W poprzednim sezonie reprezentant Polski zbierał znakomite recenzje. Był bliski zmiany klubu, rozmowy z Olympique Marsylia były bardzo zaawansowane. W międzyczasie musiał przejść operację kolana, co ostatecznie wstrzymało transfer. Jeleń długo nie musiał tego żałować, we wrześniu jego klub okazał się lepszy w dwumeczu od Zenitu Sankt Petersburg i awansował do Ligi Mistrzów. Polak zagrał jednak tylko w dwóch spotkaniach - z AC Milan i Realem Madryt, bowiem operowane kolano znów się "odezwało".
- Przez dwa miesiące z kolanem było wszystko ok.
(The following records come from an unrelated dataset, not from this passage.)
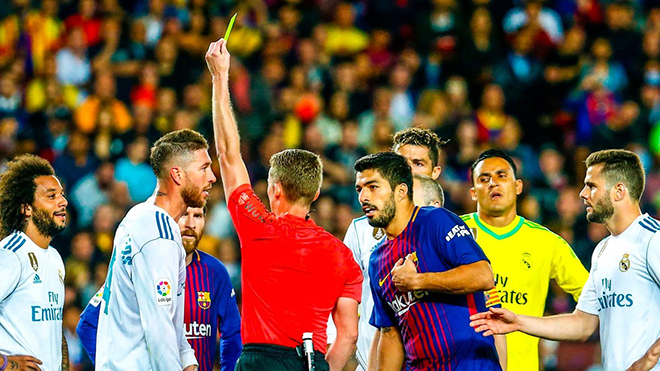 Barcelona 2-2 Real Madrid: Trọng tài mắc liên tiếp sai lầm, trận đấu bị bẻ vụn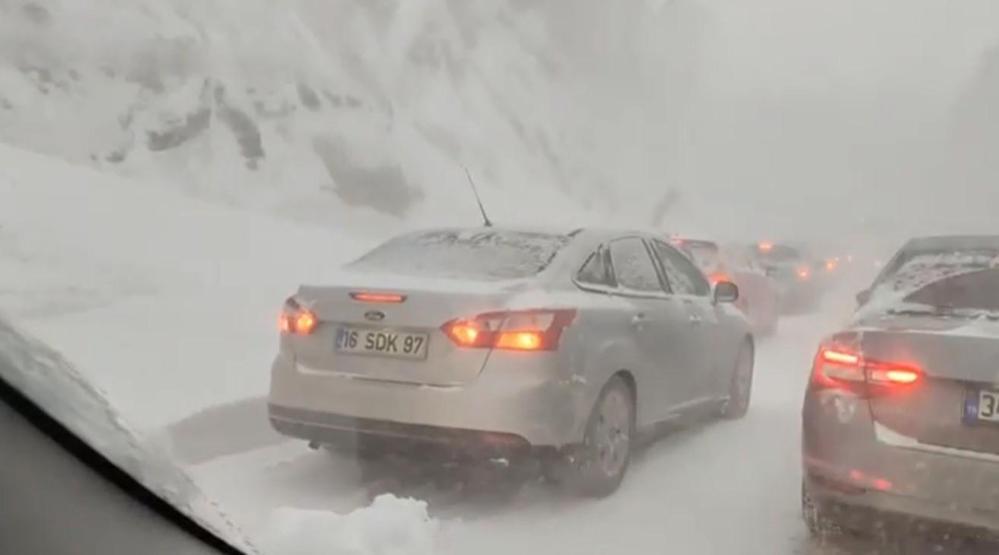 Uludağda 25 kilometrelik kar trafiği: Kayarak şehir merkezine indiler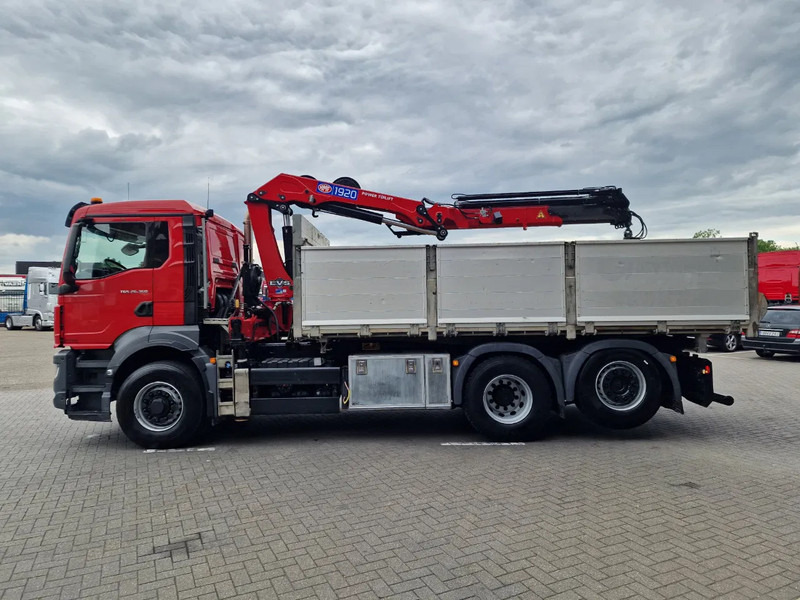 MAN TGS 26.360 6x4 Hydrodrive / Crane HMF1920K-RCS / 3 way tipper HMF / Low KM 110.700! - Kraanwagen: afbeelding 5 MAN TGS 26.360 6x4 Hydrodrive / Crane HMF1920K-RCS / 3 way tipper HMF / Low KM 110.700! - Kraanwagen: afbeelding 5
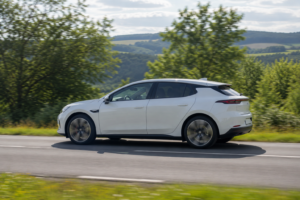 what-is-the-average-ev-battery-life-uk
Potem pojawił się ból, z treningu na trening stawał się on coraz mocniejszy. Doszło do zapalenia tkanek. Klub nie chciał, żebym poddawał się operacji. Przez ten czas dostawałem zastrzyki w kolano, ale nie dawały one efektu. Miałem zapewnienie, że będą one pomagały, tymczasem z dnia na dzień było coraz gorzej. Psychicznie byłem trochę zdołowany. Potem już sam nalegałem na operację. W Poznaniu byłem dwa razy na konsultacjach w klinice Rehasport u doktora Jacka Jaroszewskiego, który za każdym razem mówił że operacja jest niezbędna. Udało mi się w końcu przekonać przede wszystkim prezydenta klubu, by pozwolono mi na operację w Poznaniu. Kosztowało mnie to sporo sił - wyjaśnił.
Przez najbliższe tygodnie piłkarz będzie przechodził rehabilitację w poznańskiej klinice.
- Będziemy pracować głównie nad siłą i odbudową mięśnia dwugłowego lewej nogi, by doszedł on do takiego poziomu, jaki mam w prawej nodze. W połowie grudnia wrócę do Francji. Jest szansa, że po sześciu tygodniach będę już normalnie trenować - przyznał.
W czerwcu przyszłego roku Jeleniowi kończy się kontrakt z AJ Auxerre. Piłkarz nie wyklucza, że temat zmiany klubu może powrócić.
- Mam kilka propozycji i być może zmienię klub. Na razie jednak o tym nie myślę. Najważniejsze, by jak najszybciej wrócić na boisko, złapać taką formę, jaką miałem w ubiegłym sezonie - zakończył.